◆ **Your goal**:
Reproduce the records below exactly as shown.

◆ **Data**:
BEGIN

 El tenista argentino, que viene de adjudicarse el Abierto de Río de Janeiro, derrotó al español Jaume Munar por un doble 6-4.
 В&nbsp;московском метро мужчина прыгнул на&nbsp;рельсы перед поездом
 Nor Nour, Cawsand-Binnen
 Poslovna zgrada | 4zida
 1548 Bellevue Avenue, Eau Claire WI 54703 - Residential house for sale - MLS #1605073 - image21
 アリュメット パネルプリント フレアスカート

END

◆ **Exercise output**:
 El tenista argentino, que viene de adjudicarse el Abierto de Río de Janeiro, derrotó al español Jaume Munar por un doble 6-4.
 В&nbsp;московском метро мужчина прыгнул на&nbsp;рельсы перед поездом
 Nor Nour, Cawsand-Binnen
 Poslovna zgrada | 4zida
 1548 Bellevue Avenue, Eau Claire WI 54703 - Residential house for sale - MLS #1605073 - image21
 アリュメット パネルプリント フレアスカート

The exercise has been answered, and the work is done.